THE INPUT |
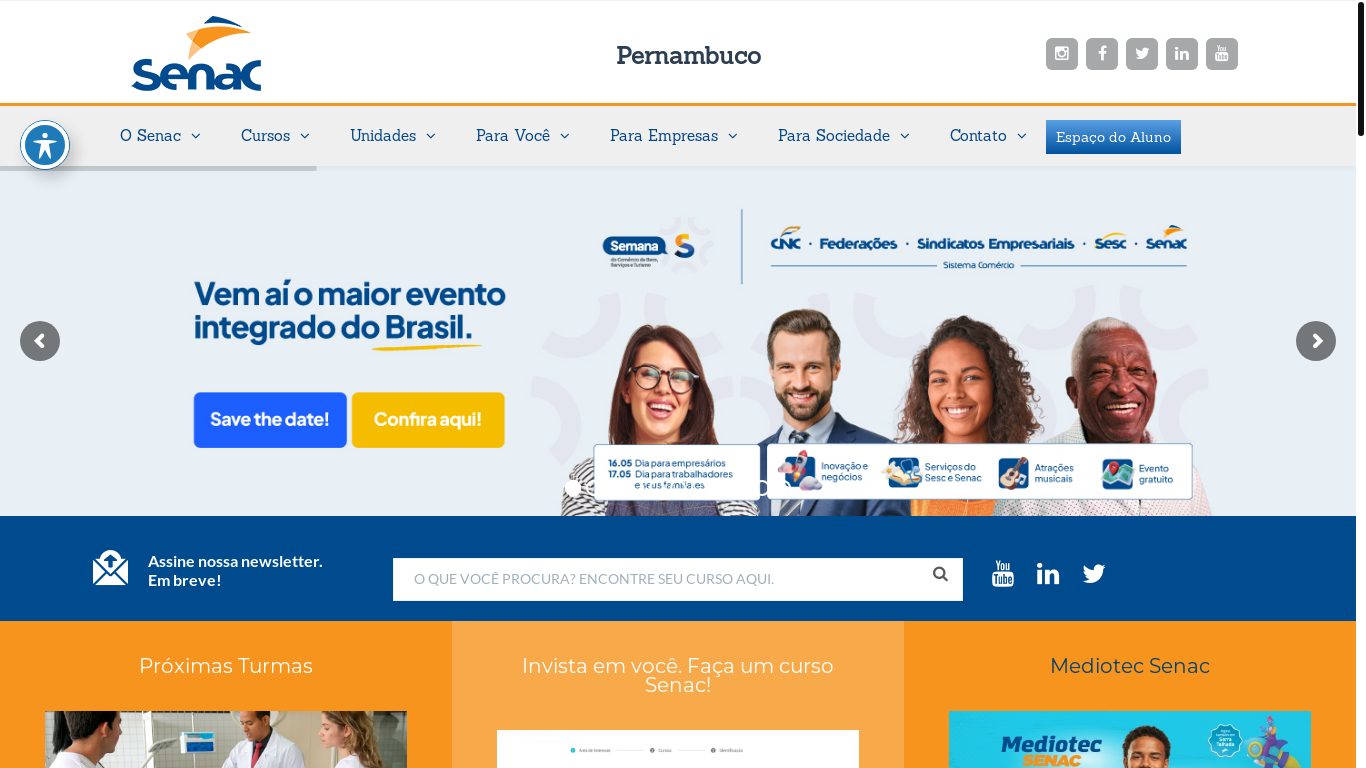 website screenshot of https://pe.senac.br/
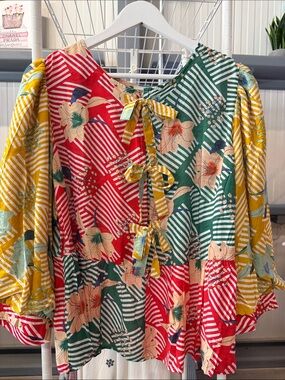 JODIFL Floral Colorblock Tie-Front Blouse in Red, Green & Yellow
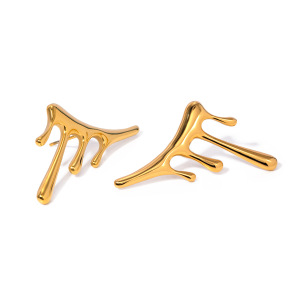 1 Pair Simple Series Simple Irregular Stainless Steel  Gold Plated Women Stud Earrings h5 Picture4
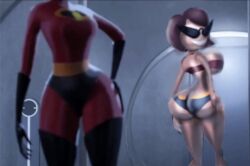 artist_request ass black_bottomwear breasts edit elastigirl helen_parr huge_ass huge_breasts knick_knack mirror narrow_waist pixar red_topwear smile sunglasses sunnification sunny_miami super_suit superhero the_incredibles thighs transformation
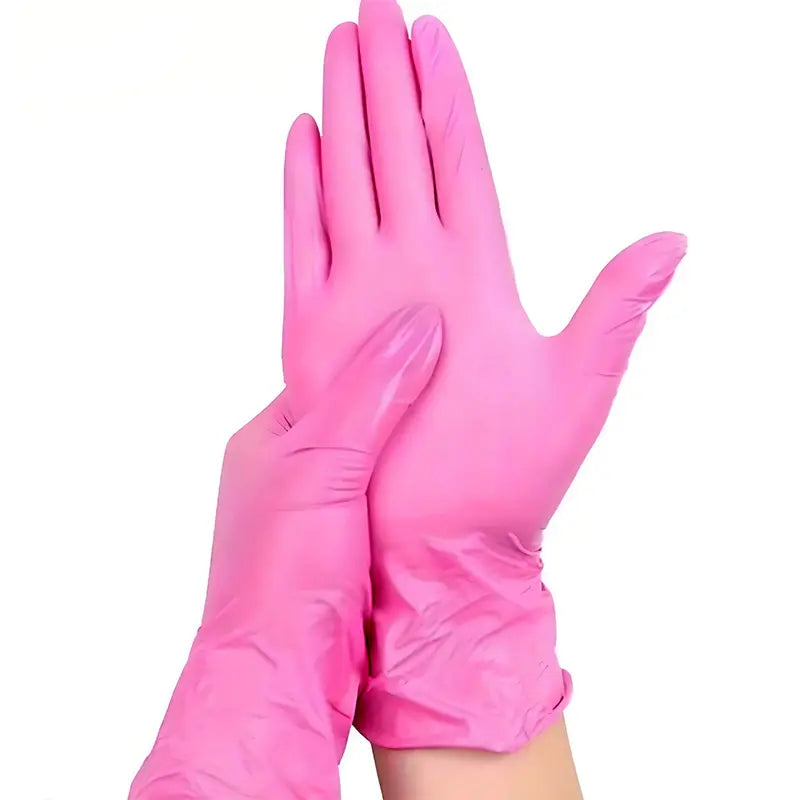 20/50/100Pcs Durable Rose Red Nitrile Dishwashing Gloves, Non-Medical Grade, Latex-Free, Suitable for Permanent Makeup, Nail and Hair Services, Painting, Odor-Free Household Bathroom Cleaning Gloves, Multi Purpose Glove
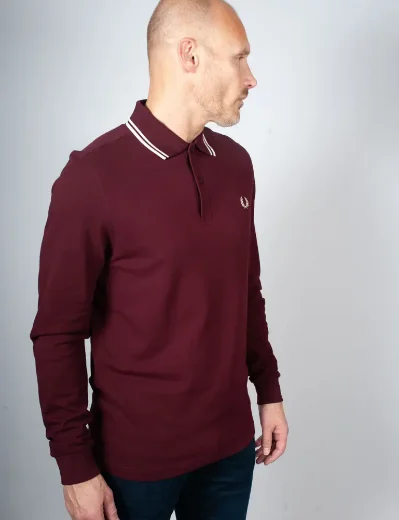 Fred Perry Long Sleeve Twin Tipped Polo | Oxblood 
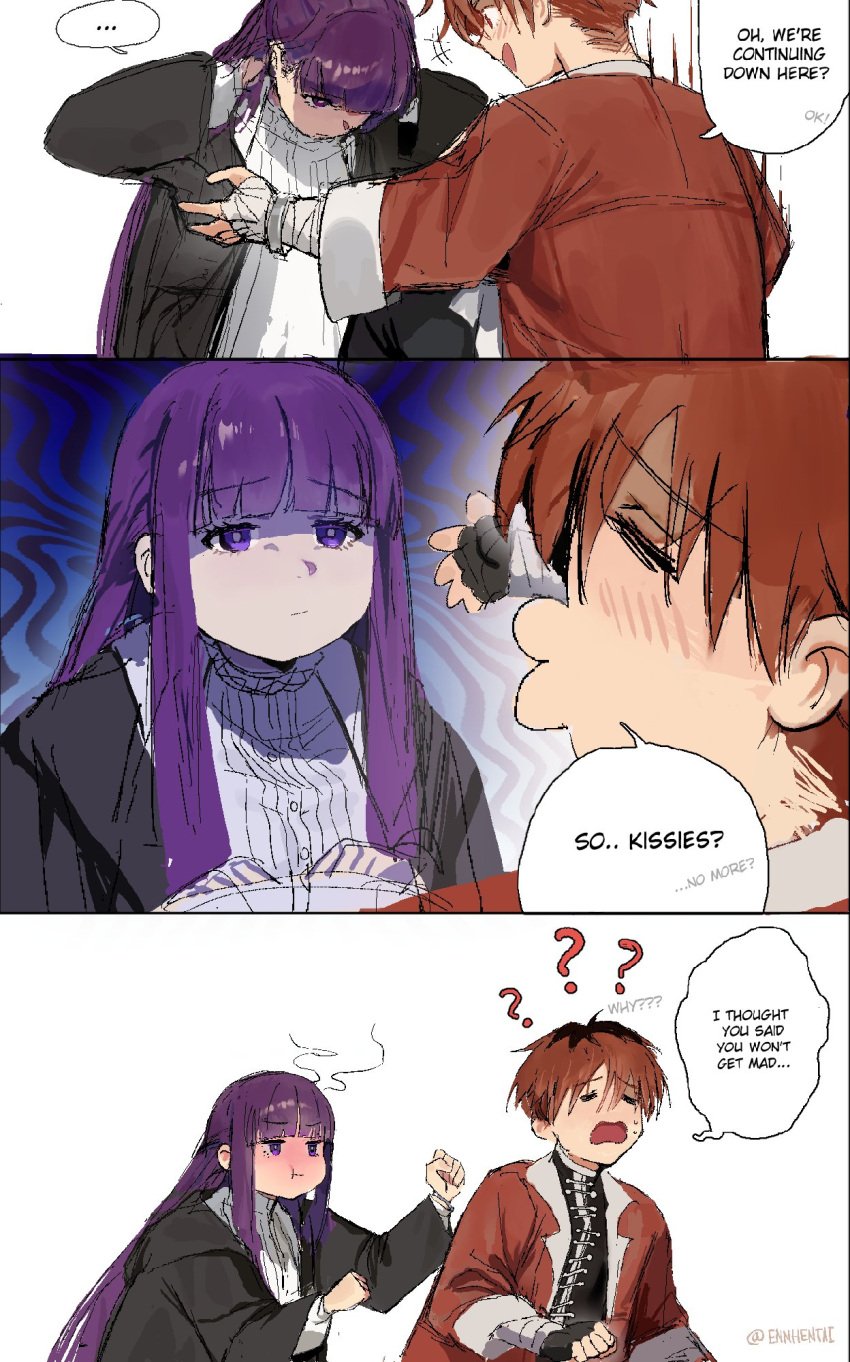 1boy 1girls angry angry_face big_breasts crouching crouching_female cute embarrassed embarrassed_female english_text ennhentai fanfiction female fern_(sousou_no_frieren) funny long_hair long_sleeves male manga manga_page orange_hair panels pouting purple_eyes purple_hair red_hair sfw sousou_no_frieren stark_(sousou_no_frieren) text tight_clothing wholesome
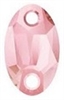 Swarovski 28 x 17mm Owlet Sew On- Light Rose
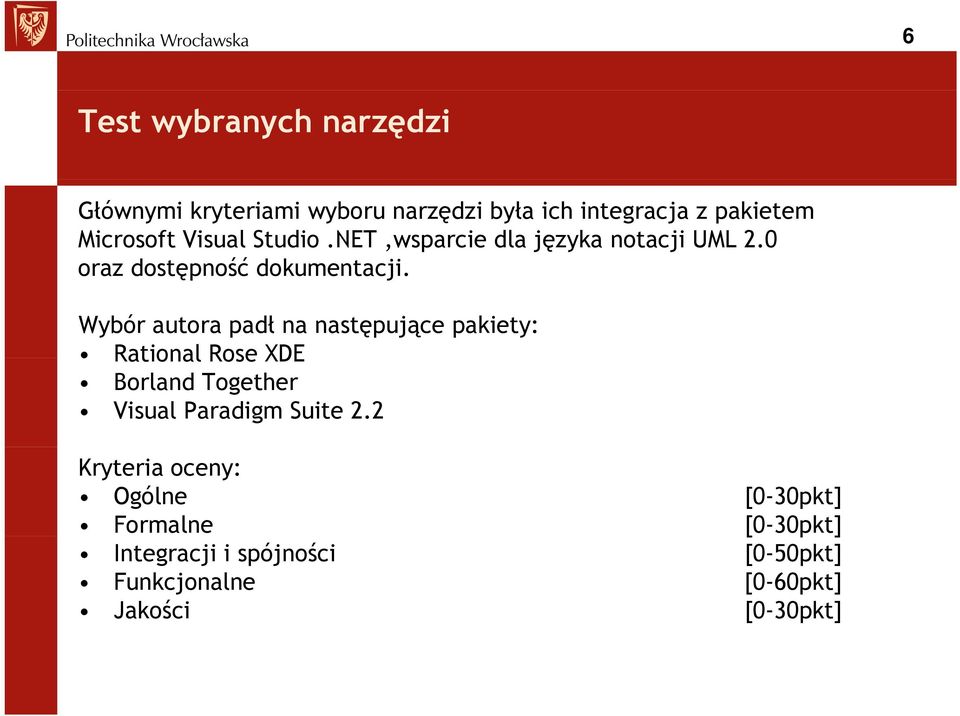 Wybór autora padł na następujące pakiety: Rational Rose XDE Borland Together Visual Paradigm Suite 2.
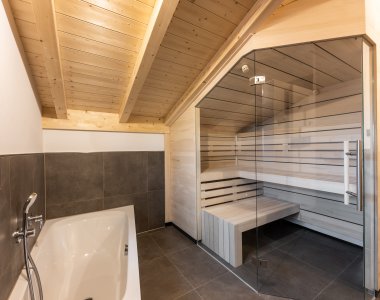 Badezimmer mit eigener Sauna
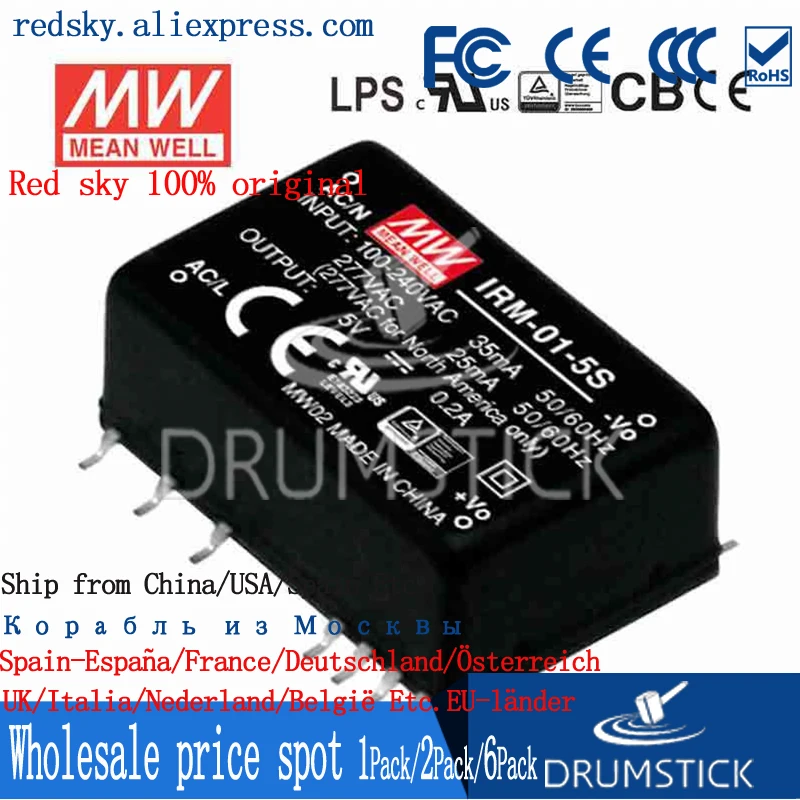 Устойчивый Средний хорошо IRM-01 1 Вт meanwell 3.3V0.3A 5V0.2A 9V0.111A 12V0.083A 15V0.067A 24V0.042A PCB монтажный
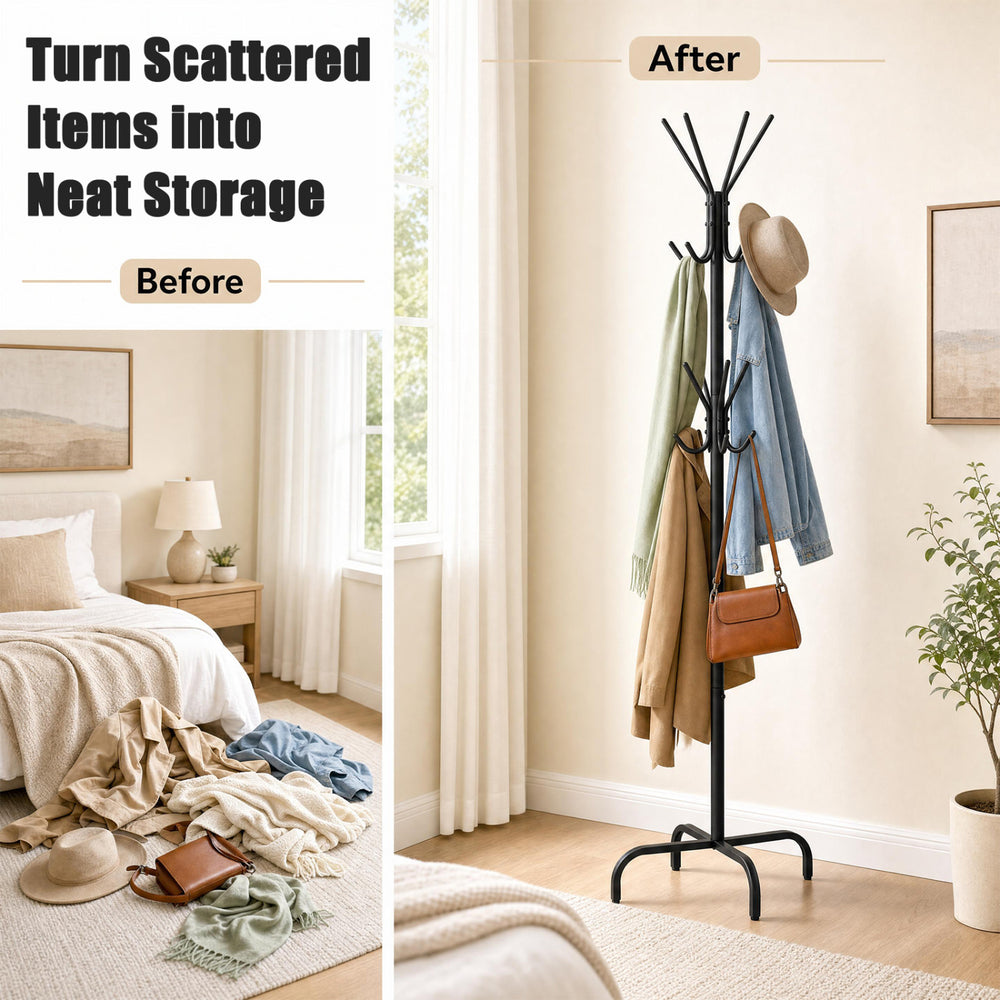 Freestanding black metal coat rack with 16 hooks and 4 legs, perfect for organizing outerwear and accessories in any space.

EXERCISE INSTRUCTIONS |
The answer is a faithful copy of the records above, with the pictures removed.

FINISHED TASK |
 website screenshot of https://pe.senac.br/
 JODIFL Floral Colorblock Tie-Front Blouse in Red, Green & Yellow
 1 Pair Simple Series Simple Irregular Stainless Steel  Gold Plated Women Stud Earrings h5 Picture4
 artist_request ass black_bottomwear breasts edit elastigirl helen_parr huge_ass huge_breasts knick_knack mirror narrow_waist pixar red_topwear smile sunglasses sunnification sunny_miami super_suit superhero the_incredibles thighs transformation
 20/50/100Pcs Durable Rose Red Nitrile Dishwashing Gloves, Non-Medical Grade, Latex-Free, Suitable for Permanent Makeup, Nail and Hair Services, Painting, Odor-Free Household Bathroom Cleaning Gloves, Multi Purpose Glove
 Fred Perry Long Sleeve Twin Tipped Polo | Oxblood 
 1boy 1girls angry angry_face big_breasts crouching crouching_female cute embarrassed embarrassed_female english_text ennhentai fanfiction female fern_(sousou_no_frieren) funny long_hair long_sleeves male manga manga_page orange_hair panels pouting purple_eyes purple_hair red_hair sfw sousou_no_frieren stark_(sousou_no_frieren) text tight_clothing wholesome
 Swarovski 28 x 17mm Owlet Sew On- Light Rose
 Wybór autora padł na następujące pakiety: Rational Rose XDE Borland Together Visual Paradigm Suite 2.
 Badezimmer mit eigener Sauna
 Устойчивый Средний хорошо IRM-01 1 Вт meanwell 3.3V0.3A 5V0.2A 9V0.111A 12V0.083A 15V0.067A 24V0.042A PCB монтажный
 Freestanding black metal coat rack with 16 hooks and 4 legs, perfect for organizing outerwear and accessories in any space.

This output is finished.